Bartsch's adoptive mother, who suffered from obsessive-compulsive disorder, was fixated on cleanliness. He was not permitted to play with other children, lest he became dirty. This continued into adulthood; his mother personally bathed him until he was 19.
At the age of 10, Bartsch entered school. Because, in his parents' opinion, it was not sufficiently strict, he was moved to a Catholic boarding school, where, when he was bed-ridden with fever, he was molested by the choir leader, Pater Pütz.

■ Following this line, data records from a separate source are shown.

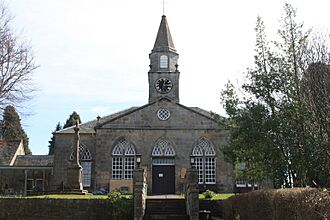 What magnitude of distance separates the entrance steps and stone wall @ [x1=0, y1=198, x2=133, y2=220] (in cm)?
174

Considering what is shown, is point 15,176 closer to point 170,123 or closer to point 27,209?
point 170,123

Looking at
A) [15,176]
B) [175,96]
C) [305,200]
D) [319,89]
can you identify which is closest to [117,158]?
[175,96]

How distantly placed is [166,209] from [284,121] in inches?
323

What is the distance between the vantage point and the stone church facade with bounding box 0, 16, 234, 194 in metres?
33.9

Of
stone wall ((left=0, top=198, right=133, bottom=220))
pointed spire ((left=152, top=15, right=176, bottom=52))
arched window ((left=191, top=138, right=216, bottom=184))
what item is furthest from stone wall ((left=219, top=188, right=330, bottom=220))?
pointed spire ((left=152, top=15, right=176, bottom=52))

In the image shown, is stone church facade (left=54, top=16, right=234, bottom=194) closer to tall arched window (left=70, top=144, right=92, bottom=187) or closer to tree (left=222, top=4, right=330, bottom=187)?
tall arched window (left=70, top=144, right=92, bottom=187)

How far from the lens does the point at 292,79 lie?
51.8 feet

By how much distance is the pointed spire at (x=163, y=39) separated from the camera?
130 feet

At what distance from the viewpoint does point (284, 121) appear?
1548 centimetres

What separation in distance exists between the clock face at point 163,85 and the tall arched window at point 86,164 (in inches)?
338

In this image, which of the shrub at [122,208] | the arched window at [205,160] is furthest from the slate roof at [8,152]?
the shrub at [122,208]

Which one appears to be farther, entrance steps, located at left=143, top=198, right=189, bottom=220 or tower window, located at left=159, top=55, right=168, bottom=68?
tower window, located at left=159, top=55, right=168, bottom=68

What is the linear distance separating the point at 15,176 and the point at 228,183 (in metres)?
21.4

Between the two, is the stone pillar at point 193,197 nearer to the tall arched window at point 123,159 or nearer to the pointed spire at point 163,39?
the tall arched window at point 123,159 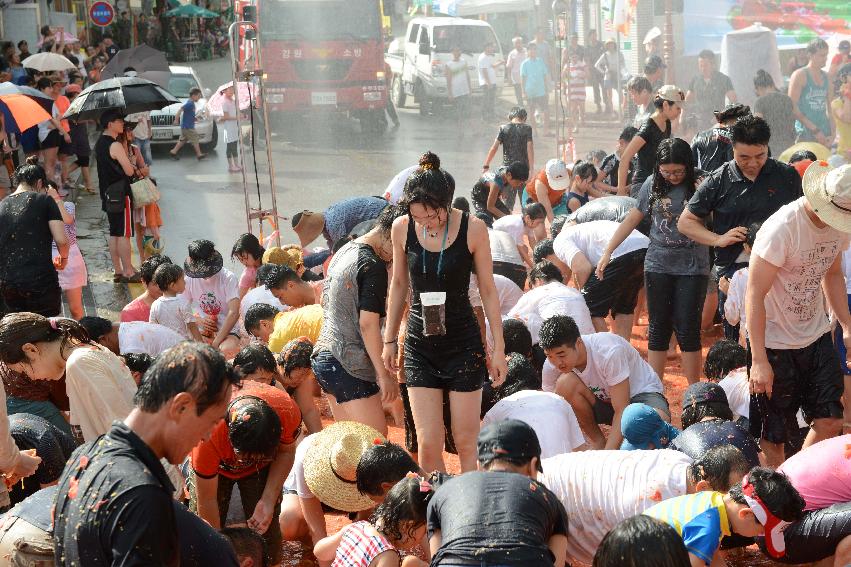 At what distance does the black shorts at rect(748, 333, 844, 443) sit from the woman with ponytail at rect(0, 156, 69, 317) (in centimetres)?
470

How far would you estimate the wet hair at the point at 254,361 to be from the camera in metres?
5.27

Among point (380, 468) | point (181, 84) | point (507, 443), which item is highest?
point (181, 84)

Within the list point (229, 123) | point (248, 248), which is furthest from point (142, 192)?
point (229, 123)

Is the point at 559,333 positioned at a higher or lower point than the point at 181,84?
lower

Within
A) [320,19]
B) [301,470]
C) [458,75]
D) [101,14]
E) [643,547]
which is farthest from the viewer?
[101,14]

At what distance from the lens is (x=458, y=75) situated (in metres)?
19.6

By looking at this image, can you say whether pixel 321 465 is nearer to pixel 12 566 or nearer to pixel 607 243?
pixel 12 566

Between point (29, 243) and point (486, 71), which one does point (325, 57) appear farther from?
point (29, 243)

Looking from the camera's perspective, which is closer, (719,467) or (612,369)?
(719,467)

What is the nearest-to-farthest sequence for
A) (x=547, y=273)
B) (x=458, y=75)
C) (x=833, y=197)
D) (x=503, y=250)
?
1. (x=833, y=197)
2. (x=547, y=273)
3. (x=503, y=250)
4. (x=458, y=75)

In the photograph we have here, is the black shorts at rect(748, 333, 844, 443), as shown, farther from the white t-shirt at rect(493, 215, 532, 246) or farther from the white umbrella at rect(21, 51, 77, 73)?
the white umbrella at rect(21, 51, 77, 73)

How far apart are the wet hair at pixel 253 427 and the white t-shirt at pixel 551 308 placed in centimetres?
224

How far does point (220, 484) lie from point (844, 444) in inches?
103

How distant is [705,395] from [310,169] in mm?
10989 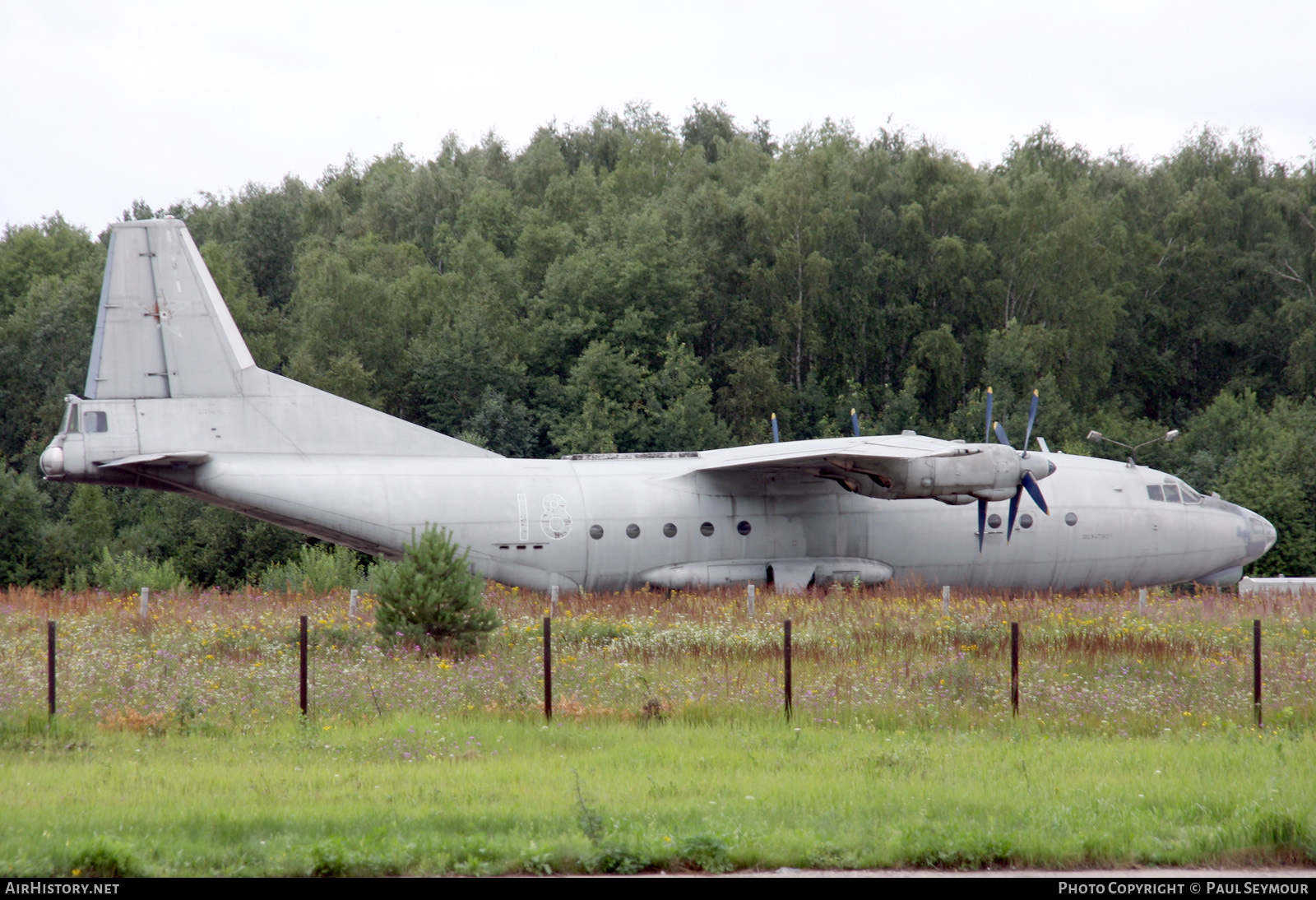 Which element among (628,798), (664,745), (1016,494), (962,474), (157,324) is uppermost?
(157,324)

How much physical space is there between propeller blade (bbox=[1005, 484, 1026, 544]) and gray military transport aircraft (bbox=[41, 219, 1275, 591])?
6cm

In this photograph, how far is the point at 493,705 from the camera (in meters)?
14.4

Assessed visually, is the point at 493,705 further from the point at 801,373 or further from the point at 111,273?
the point at 801,373

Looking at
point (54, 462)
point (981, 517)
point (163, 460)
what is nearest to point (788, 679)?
point (981, 517)

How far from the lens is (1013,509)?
76.6ft

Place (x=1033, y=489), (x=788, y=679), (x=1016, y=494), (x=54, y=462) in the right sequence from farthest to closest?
1. (x=1033, y=489)
2. (x=1016, y=494)
3. (x=54, y=462)
4. (x=788, y=679)

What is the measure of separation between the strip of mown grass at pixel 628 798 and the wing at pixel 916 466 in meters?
8.57

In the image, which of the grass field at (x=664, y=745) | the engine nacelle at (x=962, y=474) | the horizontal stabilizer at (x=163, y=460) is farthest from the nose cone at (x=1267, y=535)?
the horizontal stabilizer at (x=163, y=460)

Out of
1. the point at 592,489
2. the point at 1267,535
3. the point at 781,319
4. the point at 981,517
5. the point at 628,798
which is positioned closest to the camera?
the point at 628,798

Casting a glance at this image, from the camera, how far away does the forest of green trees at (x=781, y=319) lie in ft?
153

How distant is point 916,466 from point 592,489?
6.43 m

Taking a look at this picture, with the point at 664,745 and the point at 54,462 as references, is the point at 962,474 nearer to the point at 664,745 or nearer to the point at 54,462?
the point at 664,745

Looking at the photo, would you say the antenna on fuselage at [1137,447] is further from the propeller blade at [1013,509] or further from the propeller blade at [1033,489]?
the propeller blade at [1033,489]

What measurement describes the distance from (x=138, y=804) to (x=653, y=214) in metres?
47.6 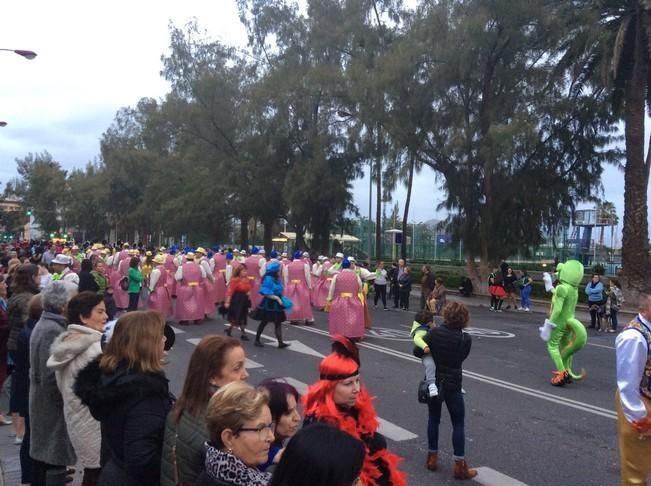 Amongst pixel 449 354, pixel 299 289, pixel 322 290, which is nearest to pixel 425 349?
pixel 449 354

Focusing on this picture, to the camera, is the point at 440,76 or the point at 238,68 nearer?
the point at 440,76

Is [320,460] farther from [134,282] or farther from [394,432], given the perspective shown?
[134,282]

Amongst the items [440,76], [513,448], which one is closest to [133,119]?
[440,76]

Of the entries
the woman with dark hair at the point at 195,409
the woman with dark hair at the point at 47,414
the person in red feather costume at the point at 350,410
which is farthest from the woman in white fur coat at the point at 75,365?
the person in red feather costume at the point at 350,410

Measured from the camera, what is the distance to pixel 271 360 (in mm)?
10398

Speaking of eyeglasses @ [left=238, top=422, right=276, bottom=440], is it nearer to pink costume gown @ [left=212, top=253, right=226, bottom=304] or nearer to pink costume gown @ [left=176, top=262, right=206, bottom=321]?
pink costume gown @ [left=176, top=262, right=206, bottom=321]

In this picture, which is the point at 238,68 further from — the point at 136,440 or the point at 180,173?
the point at 136,440

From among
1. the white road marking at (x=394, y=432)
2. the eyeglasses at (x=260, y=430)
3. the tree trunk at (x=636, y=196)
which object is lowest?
the white road marking at (x=394, y=432)

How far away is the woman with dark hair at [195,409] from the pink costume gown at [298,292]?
12.5 meters

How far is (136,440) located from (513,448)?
4.41 m

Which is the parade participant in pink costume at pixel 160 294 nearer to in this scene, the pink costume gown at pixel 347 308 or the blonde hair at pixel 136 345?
the pink costume gown at pixel 347 308

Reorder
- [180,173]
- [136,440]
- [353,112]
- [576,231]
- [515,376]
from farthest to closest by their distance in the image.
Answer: [180,173]
[353,112]
[576,231]
[515,376]
[136,440]

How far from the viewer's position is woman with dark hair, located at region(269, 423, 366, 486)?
5.74ft

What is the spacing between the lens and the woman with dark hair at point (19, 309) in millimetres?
5617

Bartsch began killing as a teenager. He persuaded all of his victims to accompany him into an abandoned air-raid shelter, where he forced them to undress and then sexually abused them. He dismembered his first four victims. His intended fifth victim, 11-year-old Peter Freese, however, escaped by burning through his bindings with a candle that Bartsch had left burning after leaving the shelter.
Bartsch was arrested in 1966.
[edit] Trial and conviction
Upon arrest, Bartsch openly confessed to his crimes. He was sentenced to life imprisonment on December 15, 1967, by the Wuppertal regional court (Landgericht Wuppertal). Initially, the sentence was upheld on appeal. However, in 1971, the Federal Court of Justice of Germany, returned the case to the Landgericht Düsseldorf, which reduced the sentence to 10 years of juvenile detention and had Bartsch placed under psychiatric care in Eickelborn. There, he married Gisela Deike of Hanover in 1974.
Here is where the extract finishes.